MEXICO CITY - Two lost Maya cities recently uncovered by an international team of scientists in Mexico could help decipher the story of the empire's early capitals to the south that were eventually abandoned for large cities on the Yucatan peninsula.
Both discoveries are in the southeastern part of the Gulf state of Campeche on the Yucatan peninsula.
The first site, known as Tamchen, features plazas, palatial buildings and a 45-foot-tall (15-meter-tall) pyramid. Its name means "deep well," and comes from a collection of underground water tanks.
The second, Lagunita, was discovered 40 years ago by American researcher Eric von Euw.

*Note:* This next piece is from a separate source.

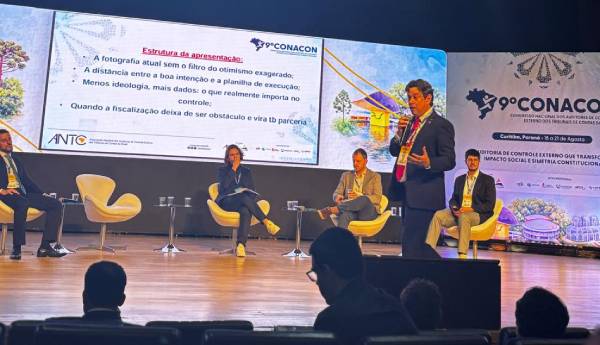 O diretor-geral Gustavo Vidigal participou de painel sobre Administração Pública - Foto: Divulgação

His sketches of various monuments, including a facade resembling the jaws of a reptile, were never published, and the location of the site was lost. Scientists used his drawings and photographs to relocate the ruins.
"It's amazing that we're still discovering new sites," said Lisa Lucero, a University of Illinois anthropologist, noting that the cities are located in an area once considered a buffer or a no-man's land. "We're starting to fill in the gaps ... and they're more densely populated with centers and farmsteads than we thought."
The buildings indicated Lagunita was a place of regional importance, according to a statement by Mexico's National Institute for Anthropology and History. The discoveries will help archaeologists study the cultural and political histories of an area known as the Central Lowlands of the Maya region, now a remote part of the Calakmul Biosphere Reserve, the statement says.
Researchers have found unique characteristics in the lost cities, including the shapes of some altars and the forms of hieroglyphics.
Lucero said the new findings could better connect the Maya centers of the south, such as Palenque in Chiapas and Tikal in Guatemala, which were abandoned, with the later northern centers such as Chichen Itza.